» **Assigned task**: Scanning the entries below, copy every line that contains the word "Sport".

========================================

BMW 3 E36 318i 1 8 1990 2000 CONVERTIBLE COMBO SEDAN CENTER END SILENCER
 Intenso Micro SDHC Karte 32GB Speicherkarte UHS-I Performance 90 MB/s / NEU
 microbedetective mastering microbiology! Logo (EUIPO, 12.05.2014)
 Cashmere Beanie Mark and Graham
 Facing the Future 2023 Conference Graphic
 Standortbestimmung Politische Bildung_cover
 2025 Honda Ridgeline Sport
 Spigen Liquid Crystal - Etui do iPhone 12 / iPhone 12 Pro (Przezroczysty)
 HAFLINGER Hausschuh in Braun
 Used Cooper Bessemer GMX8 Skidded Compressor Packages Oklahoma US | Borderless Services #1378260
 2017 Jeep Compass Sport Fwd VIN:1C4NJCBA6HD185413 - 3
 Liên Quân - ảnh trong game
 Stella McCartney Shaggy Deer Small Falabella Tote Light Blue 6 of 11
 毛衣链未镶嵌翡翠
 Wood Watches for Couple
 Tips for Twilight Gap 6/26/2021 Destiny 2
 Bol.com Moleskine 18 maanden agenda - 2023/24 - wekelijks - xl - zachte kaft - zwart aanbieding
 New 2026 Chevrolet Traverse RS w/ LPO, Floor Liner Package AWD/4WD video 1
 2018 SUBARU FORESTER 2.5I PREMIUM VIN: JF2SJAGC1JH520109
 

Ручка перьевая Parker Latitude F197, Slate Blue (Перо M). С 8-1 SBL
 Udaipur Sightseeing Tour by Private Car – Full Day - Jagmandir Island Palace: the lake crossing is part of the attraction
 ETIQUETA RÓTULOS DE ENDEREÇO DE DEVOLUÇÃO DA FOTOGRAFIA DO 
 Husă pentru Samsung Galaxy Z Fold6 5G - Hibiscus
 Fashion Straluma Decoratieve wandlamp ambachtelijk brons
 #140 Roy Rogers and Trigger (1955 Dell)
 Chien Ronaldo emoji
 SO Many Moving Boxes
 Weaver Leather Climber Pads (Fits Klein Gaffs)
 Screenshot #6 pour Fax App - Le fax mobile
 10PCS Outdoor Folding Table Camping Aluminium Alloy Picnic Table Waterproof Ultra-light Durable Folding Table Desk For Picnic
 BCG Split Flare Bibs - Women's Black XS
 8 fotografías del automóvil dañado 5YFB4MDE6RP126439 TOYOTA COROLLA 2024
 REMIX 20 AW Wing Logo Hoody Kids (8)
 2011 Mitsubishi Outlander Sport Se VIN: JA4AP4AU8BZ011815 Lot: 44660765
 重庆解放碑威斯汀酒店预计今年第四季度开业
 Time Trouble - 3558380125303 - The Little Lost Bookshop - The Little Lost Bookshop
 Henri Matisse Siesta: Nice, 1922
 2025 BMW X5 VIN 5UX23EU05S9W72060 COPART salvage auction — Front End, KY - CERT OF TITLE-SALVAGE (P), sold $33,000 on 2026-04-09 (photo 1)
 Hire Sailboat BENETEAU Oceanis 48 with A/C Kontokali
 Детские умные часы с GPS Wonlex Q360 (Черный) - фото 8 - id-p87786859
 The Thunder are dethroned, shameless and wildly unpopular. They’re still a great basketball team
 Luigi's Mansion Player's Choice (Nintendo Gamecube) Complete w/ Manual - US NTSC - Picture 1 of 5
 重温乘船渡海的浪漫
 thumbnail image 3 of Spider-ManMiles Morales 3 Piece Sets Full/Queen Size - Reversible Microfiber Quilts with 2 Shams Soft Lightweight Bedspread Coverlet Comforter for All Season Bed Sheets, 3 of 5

========================================

» **Result below**:
 2025 Honda Ridgeline Sport
 2017 Jeep Compass Sport Fwd VIN:1C4NJCBA6HD185413 - 3
 2011 Mitsubishi Outlander Sport Se VIN: JA4AP4AU8BZ011815 Lot: 44660765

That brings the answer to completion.